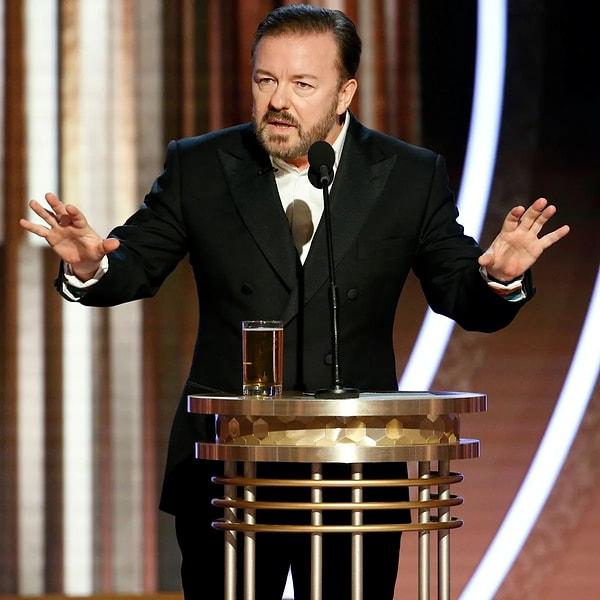 Jeffrey Epstein ile ilgili korkunç bilgiler gündemdeki yerini korurken, Ricky Gervais’in 2020 Altın Küre Ödül Töreni’nde yaptığı şakalar da sosyal medyada da konuşuluyor.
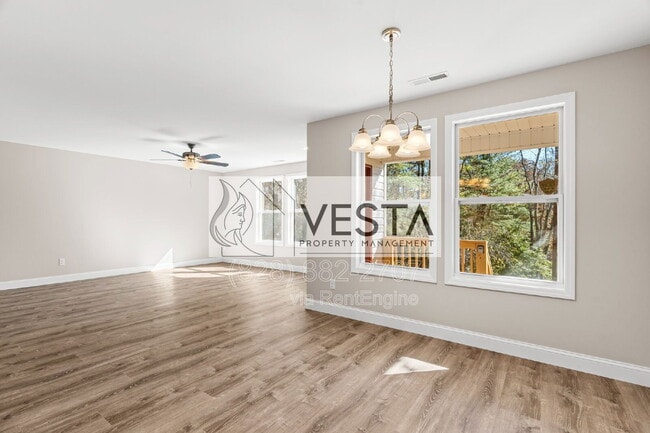 Building Photo - 44 Rosemary Rd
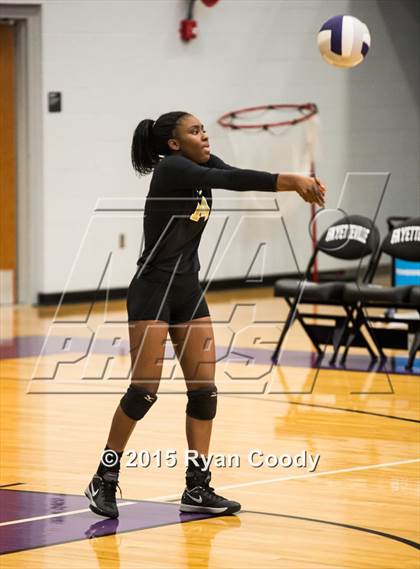 Thumbnail 2 in Nettleton vs Northside (Fayetteville Volleyball Challenge) photogallery.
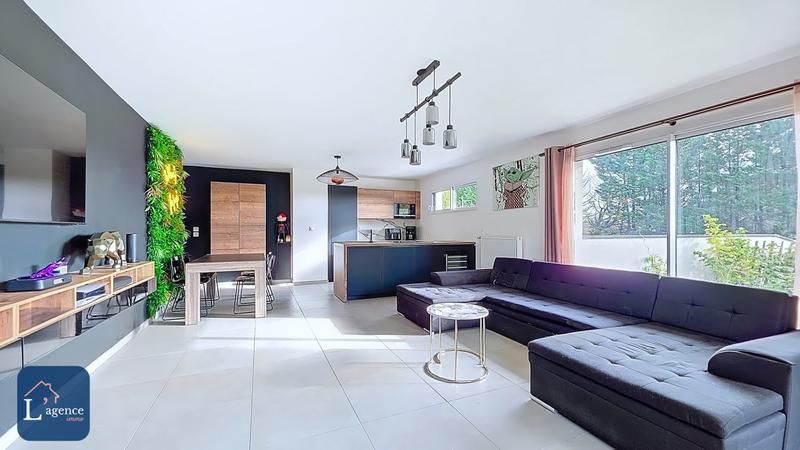 Appartement - 101 m² - 4 pièces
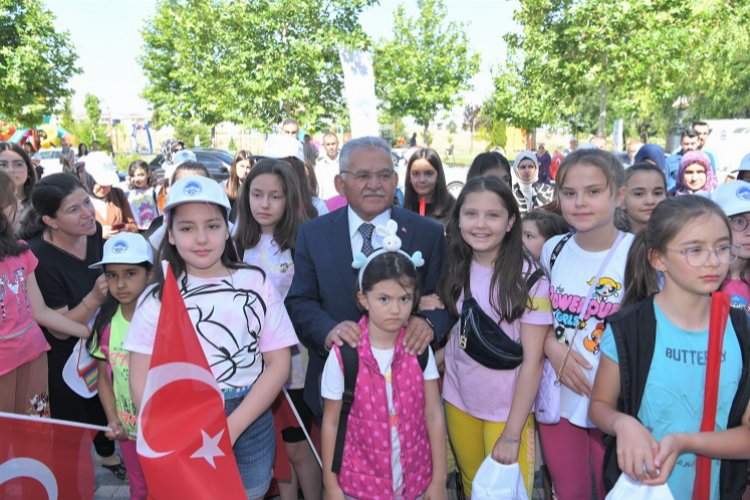 Kayseri Büyükşehir Belediye Başkanı Dr. Memduh Büyükkılıç, Kayseri Mesleki Eğitim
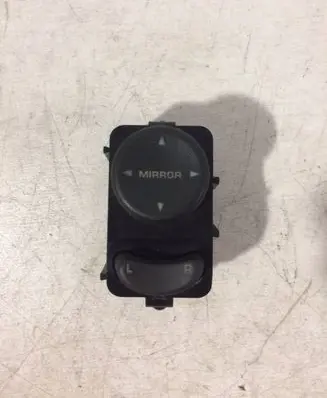Chrysler Voyager Wing mirror switch 04685317AB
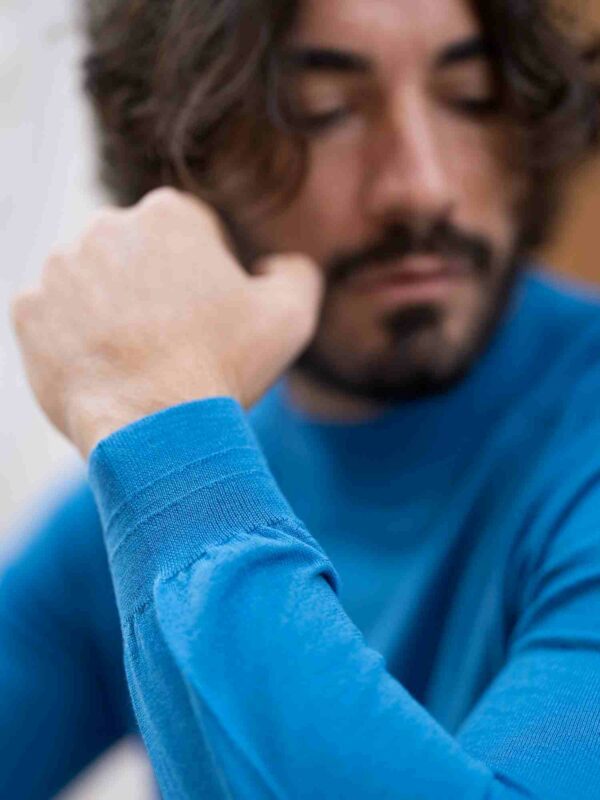 THE MOCKNECK - Image 4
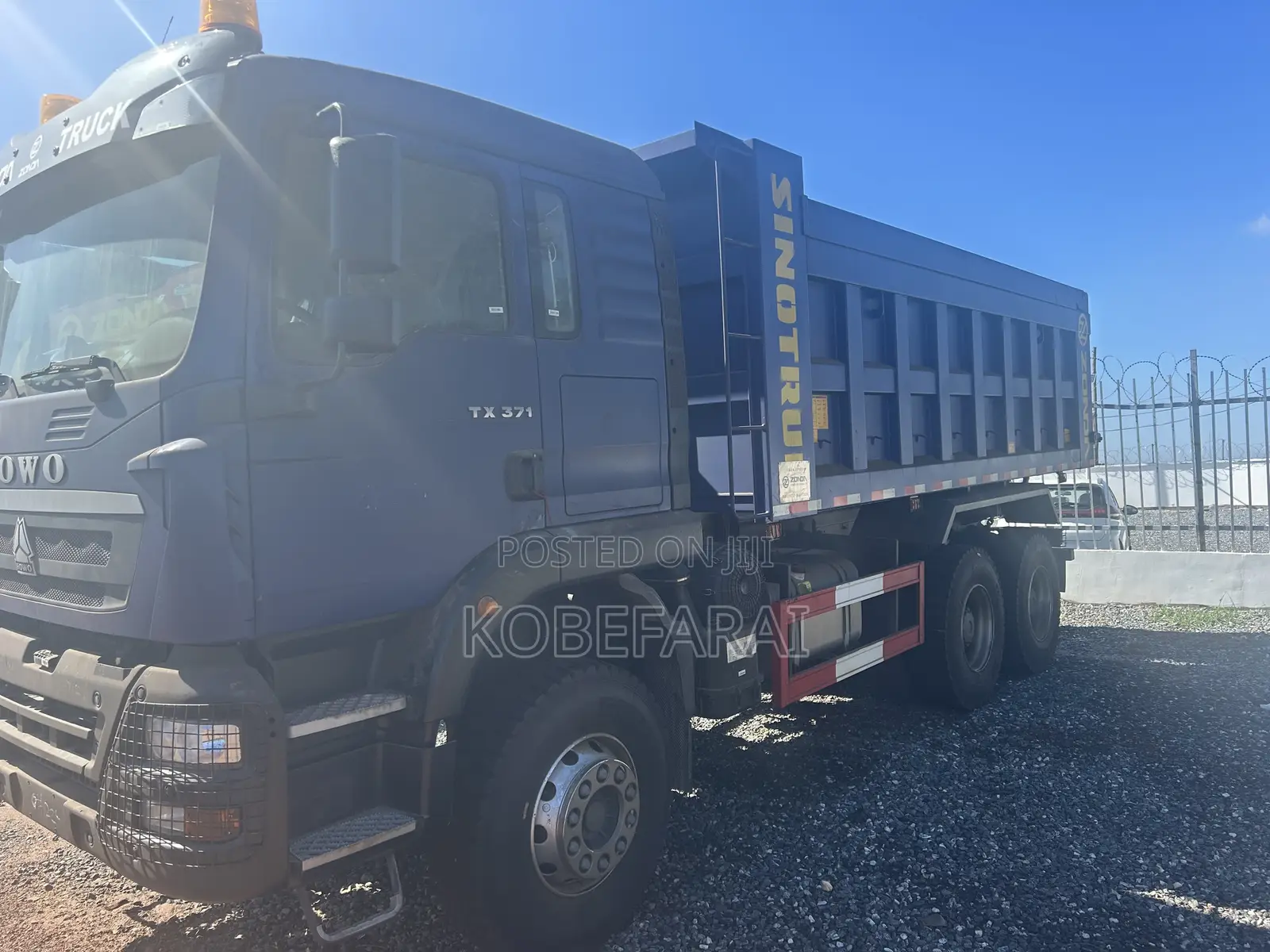 Sinotruck Howo 6x4 Tipper Truck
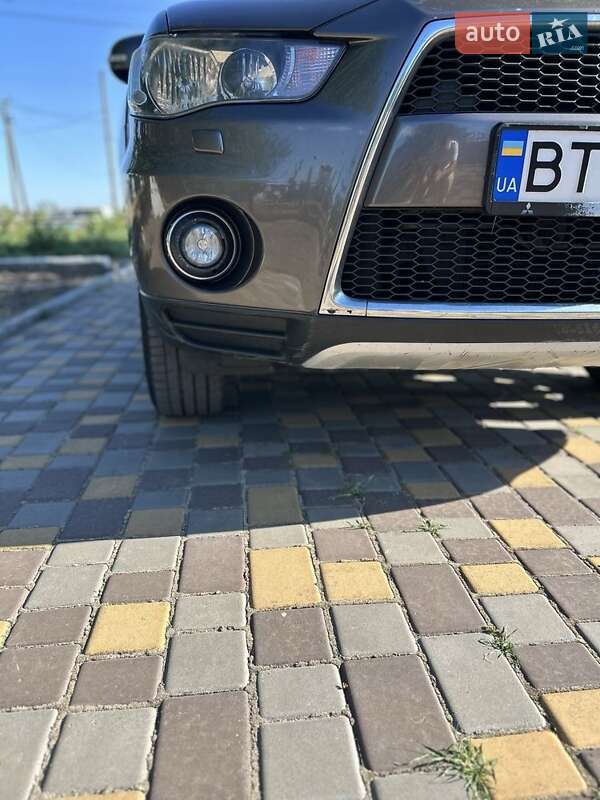 Mitsubishi Outlander 2011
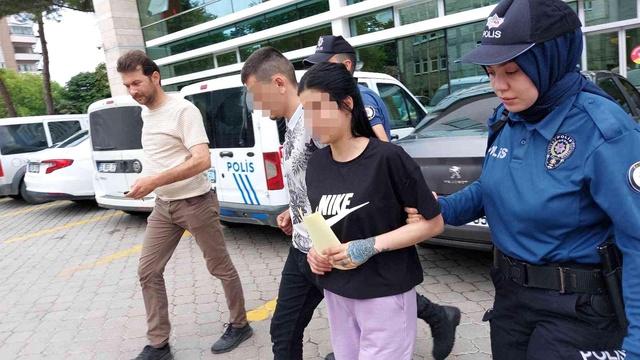 Sevgililer, biber gazı sıktıkları astsubayın telefonunu gasp etti Sevgililer, biber gazı sıktıkları astsubayın telefonunu gasp etti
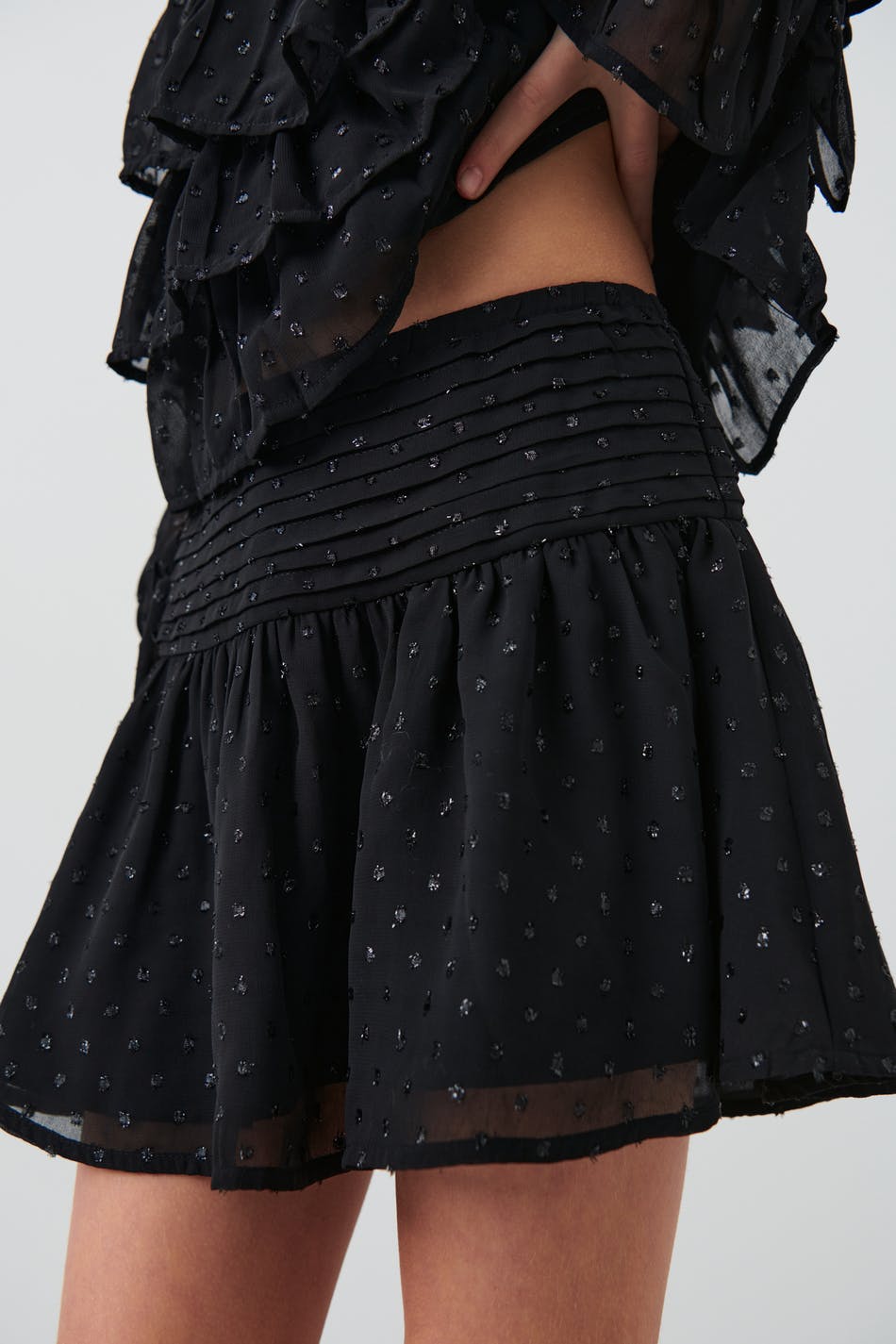 Y low waist skirt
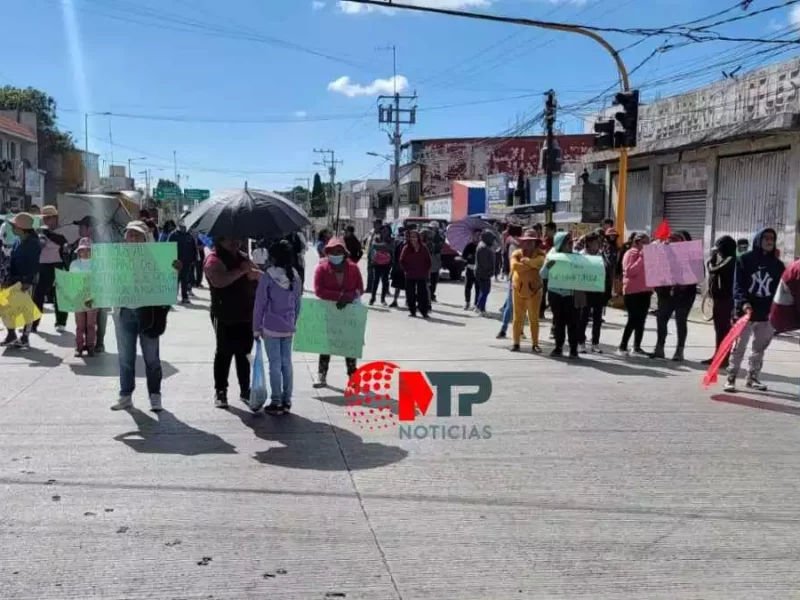 Bloquean ambos sentidos de la federal a Tehuacán, exigen entrada de ruta 100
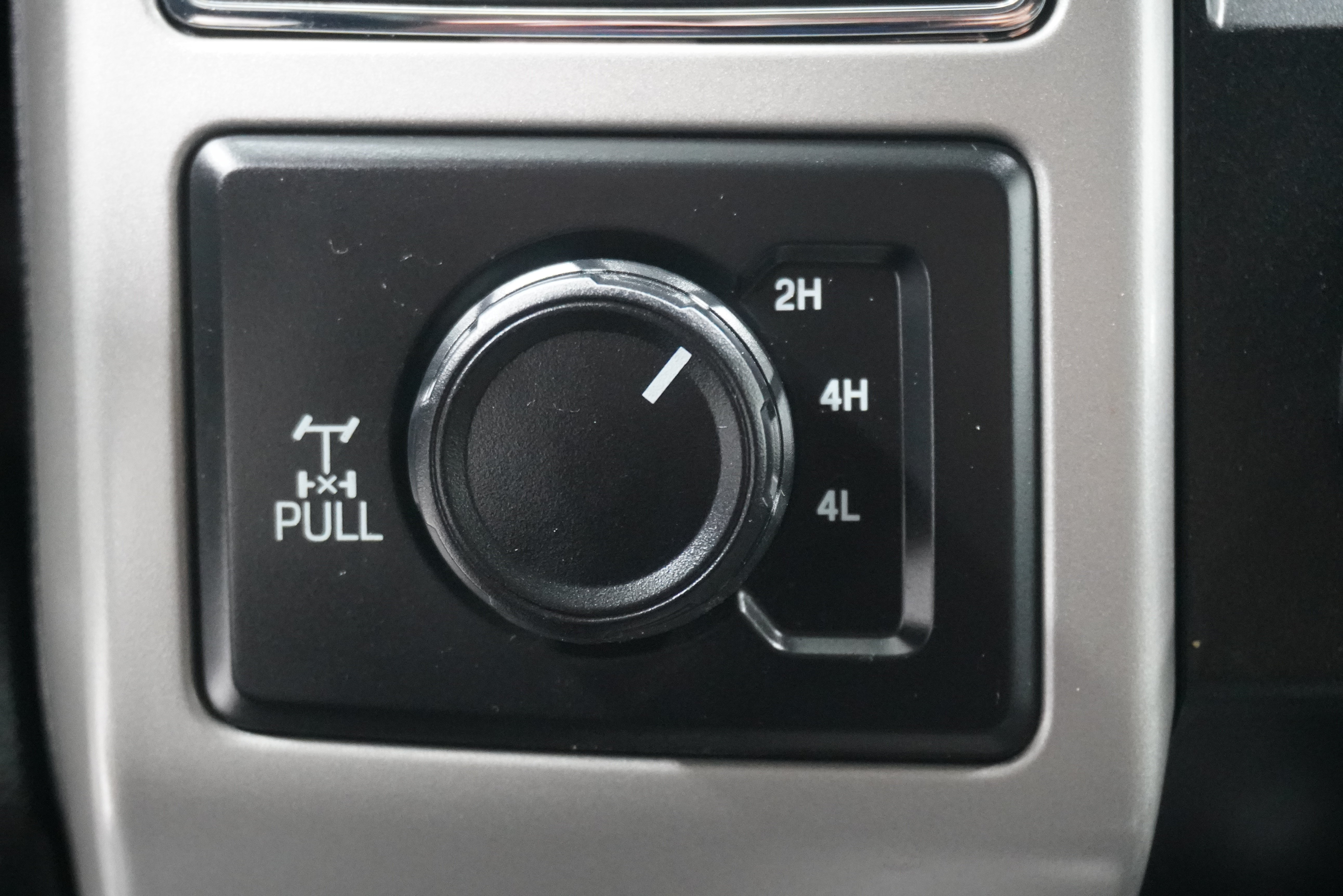 Used 2019 Ford F250 Lariat w/ Lariat Ultimate Package AWD/4WD image 23
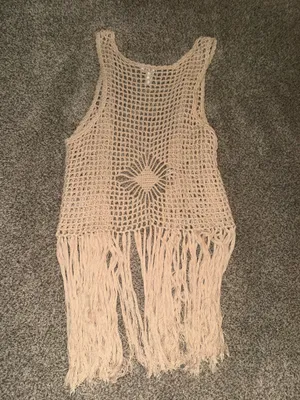 Olive & Hill Women's Taupe Crochet Fringe Vest thumbnail 4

EXERCISE OBJECTIVE:
Give the data again exactly as it stands, apart from the pictures.

ANSWER BOX:
 Jeffrey Epstein ile ilgili korkunç bilgiler gündemdeki yerini korurken, Ricky Gervais’in 2020 Altın Küre Ödül Töreni’nde yaptığı şakalar da sosyal medyada da konuşuluyor.
 Building Photo - 44 Rosemary Rd
 Thumbnail 2 in Nettleton vs Northside (Fayetteville Volleyball Challenge) photogallery.
 Appartement - 101 m² - 4 pièces
 Kayseri Büyükşehir Belediye Başkanı Dr. Memduh Büyükkılıç, Kayseri Mesleki Eğitim
Chrysler Voyager Wing mirror switch 04685317AB
 THE MOCKNECK - Image 4
 Sinotruck Howo 6x4 Tipper Truck
 Mitsubishi Outlander 2011
 Sevgililer, biber gazı sıktıkları astsubayın telefonunu gasp etti Sevgililer, biber gazı sıktıkları astsubayın telefonunu gasp etti
 Y low waist skirt
 Bloquean ambos sentidos de la federal a Tehuacán, exigen entrada de ruta 100
 Used 2019 Ford F250 Lariat w/ Lariat Ultimate Package AWD/4WD image 23
 Olive & Hill Women's Taupe Crochet Fringe Vest thumbnail 4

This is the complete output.